The municipality did do little to ward off the little plague of caterpillars, since "they were really more of a nuisance," Viola said. They "might have seemed a little gross" but were doing no damage to public values or private property. Consequently, investing staff time and taxpayer money into fighting back would deliver little in the way of results.
Jim Good at Goodsir Nature Park north of the city saw the creepy crawlers swarm over the 160 acres of rare trees and flowers, knowing there was little he could do to halt their advance. They devoured the aspen leaves first, before making meals of the cottonwood greenery, the Saskatoon foliage, and finally the willow and birch leaves. The rest went mostly untouched.
This was the worst gnaw-down at Goodsir since the caterpillar invasion of 1989-90, he said, but already the place is filling out again.

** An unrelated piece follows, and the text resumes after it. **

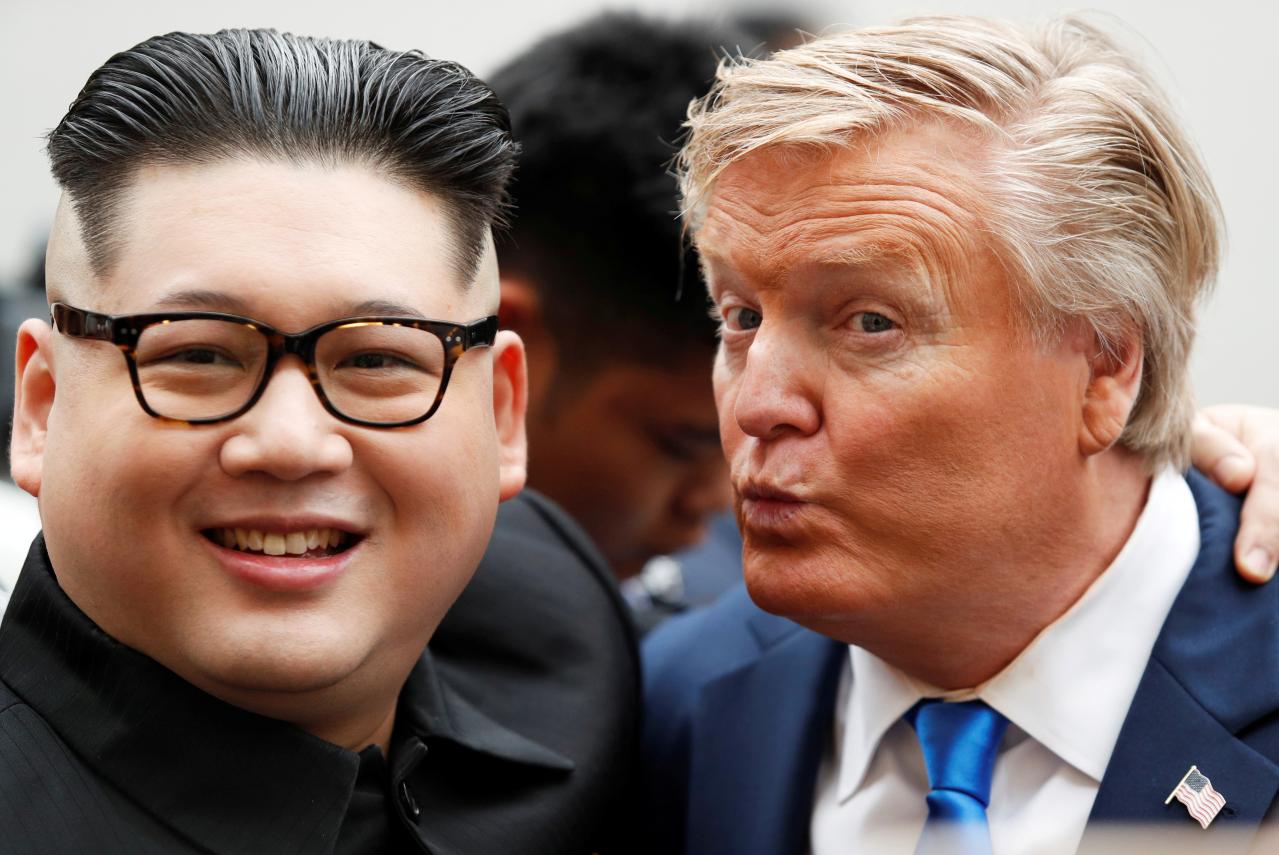 howard x an australian chinese impersonator of north korean leader kim jong un and russell white who is impersonating u s president donald trump pose for a photo outside the opera house ahead of the upcoming trump kim summit in hanoi vietnam photo reuters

"It's like spring all over," Good said. "The leaves usually come back fairly quickly, within a couple of weeks or so. They are not as thick as the first spring leaves, and it affects the vibrancy of the fall colours if they are second-growth leaves, but the trees are not killed like the mountain pine beetle kills pine trees."
Indirect damage was seen on the flowers.
"I only had one round-leaf white rain orchid come into flower, and normally I'd have 13 or 14," Good said. "I believe it was because the caterpillars took away the cover of leaves above, so more sunlight got down to the ground and put too much sunshine or heat onto those flowers."
Good and Viola both expect a much lower caterpillar population next year as the cycle has reached its peak.
"Nobody likes to see it, but we live in a forest and this is just part of living in the forest," Viola said. "When the ecosystem is doing the things nature intended, it shows that there is probably some overall forest health going on."
Good said the caterpillars peaked a couple of weeks ago at the park, "and then it was like they disappeared overnight." They have now burst from their cocoons as newly hatched moths and can be found against buildings and lights across the area.